Standard-Office-Kurs für Fortgeschrittene I und II

Wie ich schon im allgemeinen Beitrag über mein Studium schrieb, gehören die beiden Office Kurse in den Bereich der „Allgemeinen Schlüsselqualifikationen“ und bringen jeweils 4 ECTS Punkte. Das schöne an diesen Veranstaltungen ist, dass es neben der Einführungsveranstaltung keine weiteren Treffen gibt, sondern wöchentlich Übungsblätter online gestellt werden (für die Klausurzulassung müssen 50% der Übungspunkte erreicht werden) deren Bearbeitung pro Blatt ca. 1-3 Stunden in Anspruch nimmt. Am Ende des Semester wird eine unbenotete Klausur geschrieben.

Der Standard-Office-Kurs I befasst sich ausschließlich mit Tabellenkalkulation und allem was dazu gehört. Da nicht von jedem Studenten verlangt werden kann, sich eine Microsoft Office Excel Lizenz zu holen, wurde openOffice Calc verwendet. Angefangen wurde mit leichten Formeln und bedingten Formatierungen.

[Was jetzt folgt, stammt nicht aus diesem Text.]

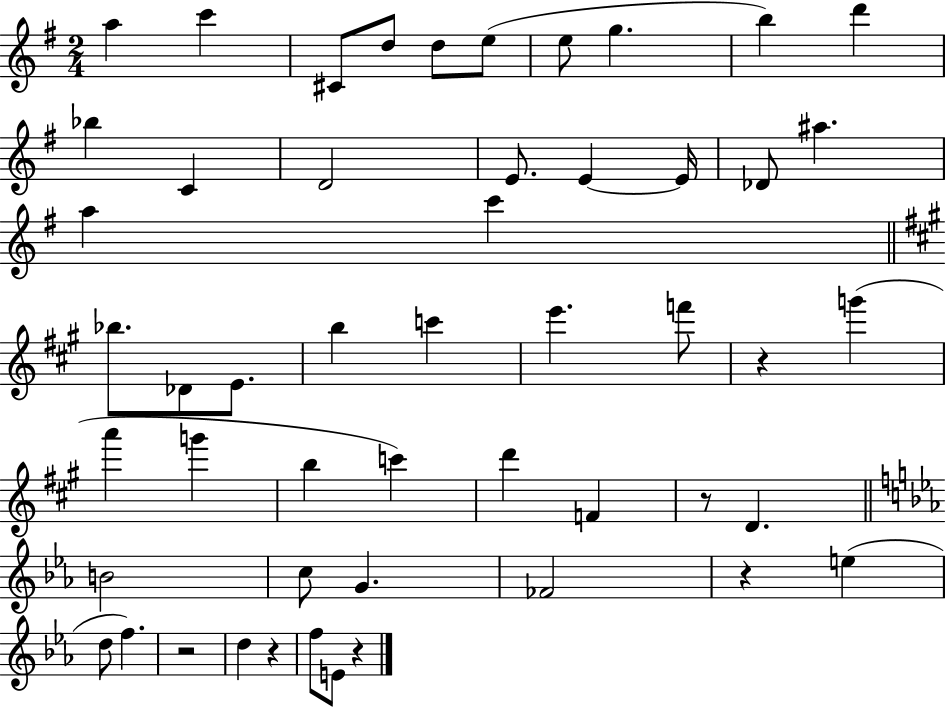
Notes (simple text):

A5/q C6/q C#4/e D5/e D5/e E5/e E5/e G5/q. B5/q D6/q Bb5/q C4/q D4/h E4/e. E4/q E4/s Db4/e A#5/q. A5/q C6/q Bb5/e. Db4/e E4/e. B5/q C6/q E6/q. F6/e R/q G6/q A6/q G6/q B5/q C6/q D6/q F4/q R/e D4/q. B4/h C5/e G4/q. FES4/h R/q E5/q D5/e F5/q. R/h D5/q R/q F5/e E4/e R/q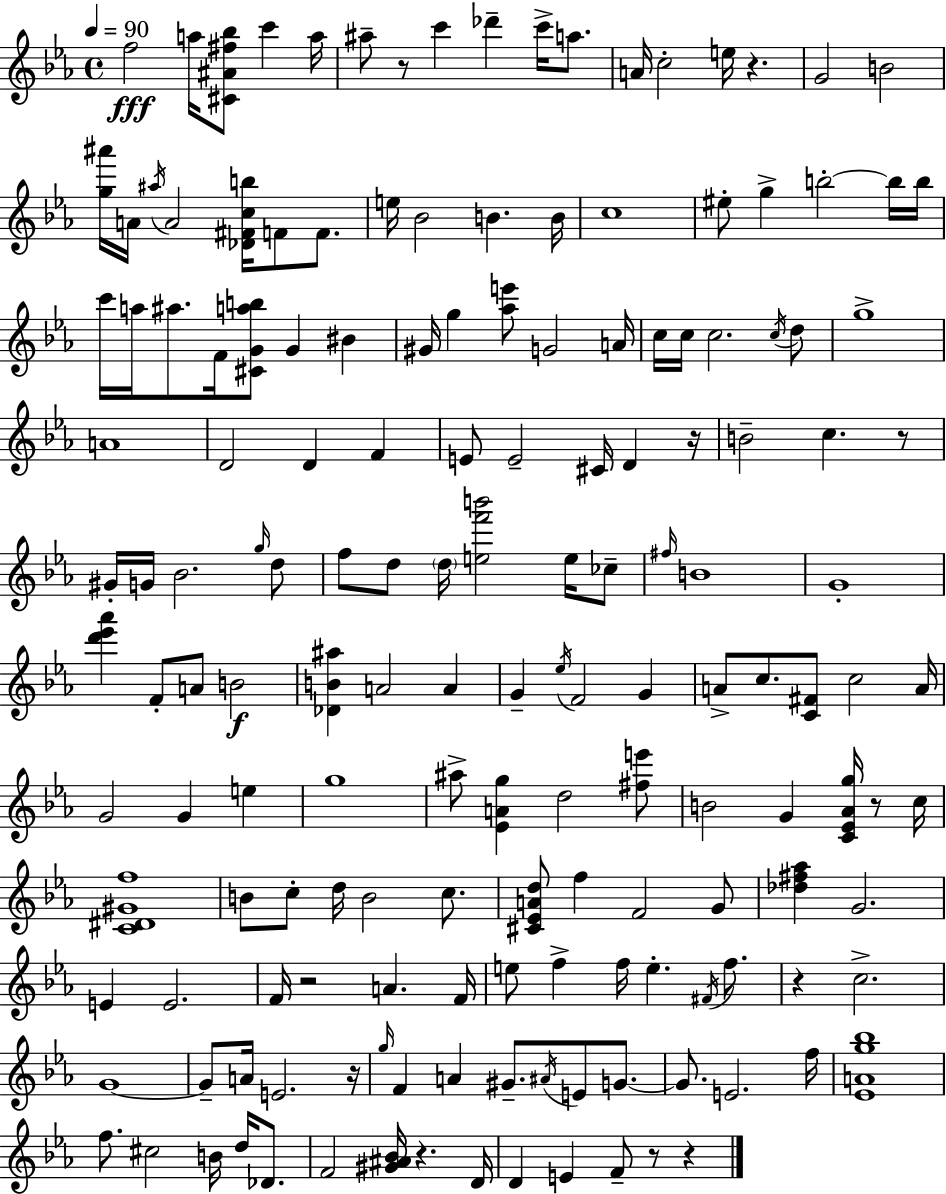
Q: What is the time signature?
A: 4/4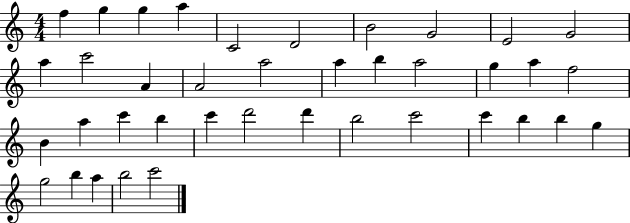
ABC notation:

X:1
T:Untitled
M:4/4
L:1/4
K:C
f g g a C2 D2 B2 G2 E2 G2 a c'2 A A2 a2 a b a2 g a f2 B a c' b c' d'2 d' b2 c'2 c' b b g g2 b a b2 c'2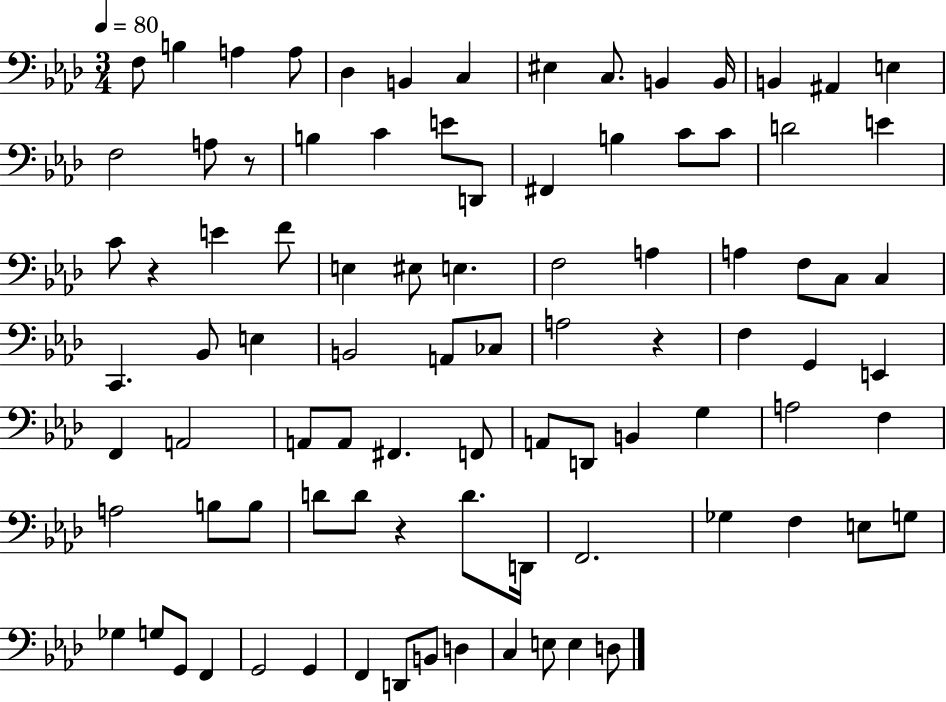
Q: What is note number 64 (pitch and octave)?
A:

Danach kamen Dinge wie die Korrektheitsprüfung der Eingabe eines endlichen Automaten, Suchen und Ersetzen, Makros, Diagramme, Dialoge, und Skriptprogrammierung. Ich muss sagen, dass es die Übungsblätter oft in sich hatten und man auch länger dran saß, als bei denen für den zweiten Kurs. Die Klausur war fair gestellt, die Zeit reichte sehr gut aus und man muss bedenken, dass man mit >= 4.0 bestanden hat.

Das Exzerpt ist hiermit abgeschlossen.